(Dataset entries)
= = =
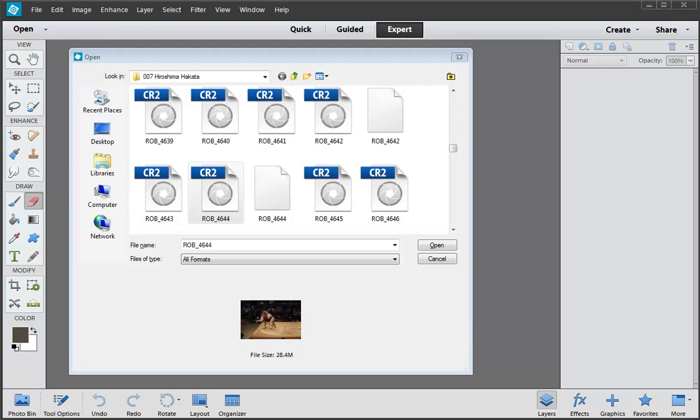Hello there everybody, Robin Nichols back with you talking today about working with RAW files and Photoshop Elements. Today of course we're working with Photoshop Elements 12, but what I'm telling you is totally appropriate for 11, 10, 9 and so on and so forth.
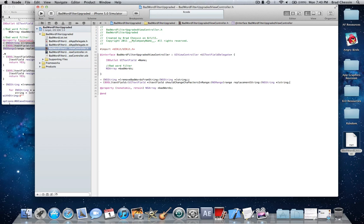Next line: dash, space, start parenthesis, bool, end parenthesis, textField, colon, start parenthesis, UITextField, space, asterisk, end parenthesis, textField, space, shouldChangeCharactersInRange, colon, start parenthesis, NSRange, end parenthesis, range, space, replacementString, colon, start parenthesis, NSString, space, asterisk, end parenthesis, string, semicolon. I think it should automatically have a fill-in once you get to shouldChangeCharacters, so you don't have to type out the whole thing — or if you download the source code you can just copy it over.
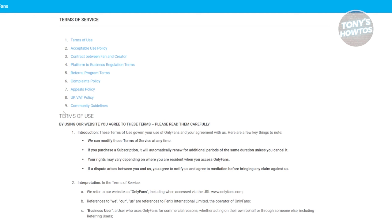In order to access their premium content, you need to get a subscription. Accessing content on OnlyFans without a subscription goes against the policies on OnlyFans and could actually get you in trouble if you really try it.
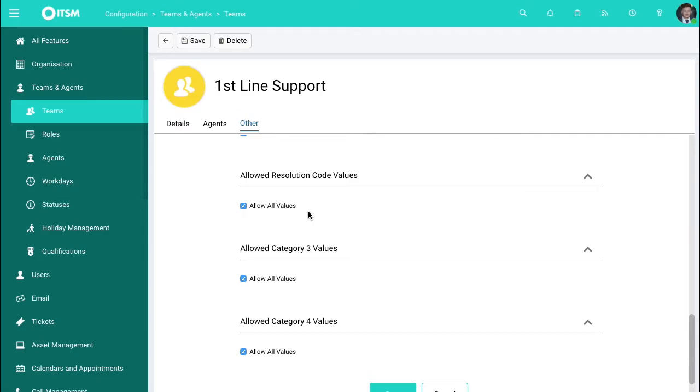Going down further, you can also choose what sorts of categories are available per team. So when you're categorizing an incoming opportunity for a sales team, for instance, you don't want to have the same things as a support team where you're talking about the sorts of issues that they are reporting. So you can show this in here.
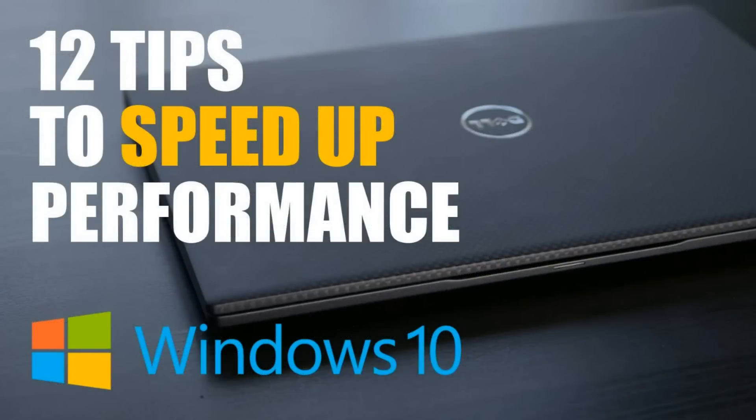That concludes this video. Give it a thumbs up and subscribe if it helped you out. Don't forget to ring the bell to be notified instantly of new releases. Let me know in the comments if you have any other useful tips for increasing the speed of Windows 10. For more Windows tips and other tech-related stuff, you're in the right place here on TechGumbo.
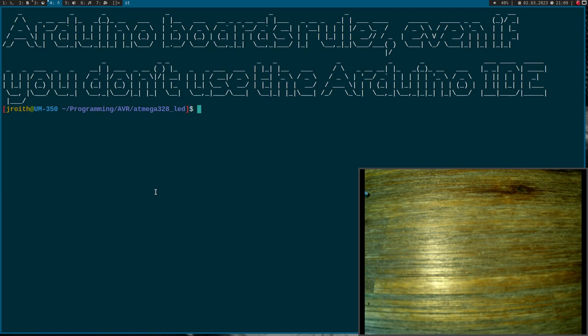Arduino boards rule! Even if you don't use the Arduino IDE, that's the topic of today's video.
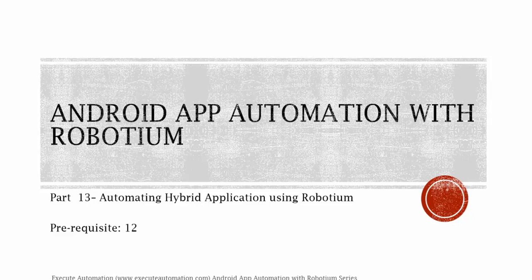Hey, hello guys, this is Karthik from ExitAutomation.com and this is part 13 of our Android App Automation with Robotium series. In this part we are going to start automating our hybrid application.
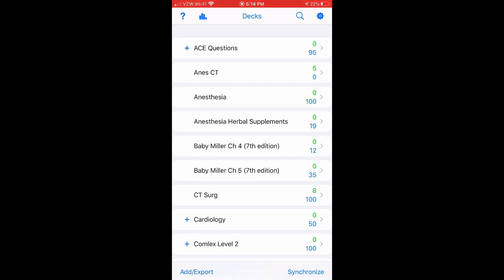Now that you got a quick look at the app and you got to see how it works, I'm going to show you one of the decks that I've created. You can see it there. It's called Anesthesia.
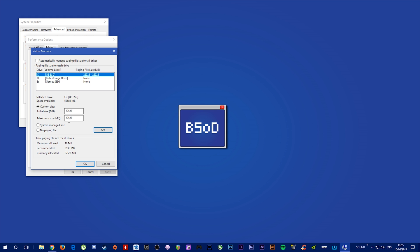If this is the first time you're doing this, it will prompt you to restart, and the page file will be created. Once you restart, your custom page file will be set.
= = =
**Work instruction**
Quote only what lies between the first line of the records and the line containing "Now that you", please, including both lines and excluding images.

**Output of the task**
Hello there everybody, Robin Nichols back with you talking today about working with RAW files and Photoshop Elements. Today of course we're working with Photoshop Elements 12, but what I'm telling you is totally appropriate for 11, 10, 9 and so on and so forth.
Next line: dash, space, start parenthesis, bool, end parenthesis, textField, colon, start parenthesis, UITextField, space, asterisk, end parenthesis, textField, space, shouldChangeCharactersInRange, colon, start parenthesis, NSRange, end parenthesis, range, space, replacementString, colon, start parenthesis, NSString, space, asterisk, end parenthesis, string, semicolon. I think it should automatically have a fill-in once you get to shouldChangeCharacters, so you don't have to type out the whole thing — or if you download the source code you can just copy it over.
In order to access their premium content, you need to get a subscription. Accessing content on OnlyFans without a subscription goes against the policies on OnlyFans and could actually get you in trouble if you really try it.
Going down further, you can also choose what sorts of categories are available per team. So when you're categorizing an incoming opportunity for a sales team, for instance, you don't want to have the same things as a support team where you're talking about the sorts of issues that they are reporting. So you can show this in here.
That concludes this video. Give it a thumbs up and subscribe if it helped you out. Don't forget to ring the bell to be notified instantly of new releases. Let me know in the comments if you have any other useful tips for increasing the speed of Windows 10. For more Windows tips and other tech-related stuff, you're in the right place here on TechGumbo.
Arduino boards rule! Even if you don't use the Arduino IDE, that's the topic of today's video.
Hey, hello guys, this is Karthik from ExitAutomation.com and this is part 13 of our Android App Automation with Robotium series. In this part we are going to start automating our hybrid application.
Now that you got a quick look at the app and you got to see how it works, I'm going to show you one of the decks that I've created. You can see it there. It's called Anesthesia.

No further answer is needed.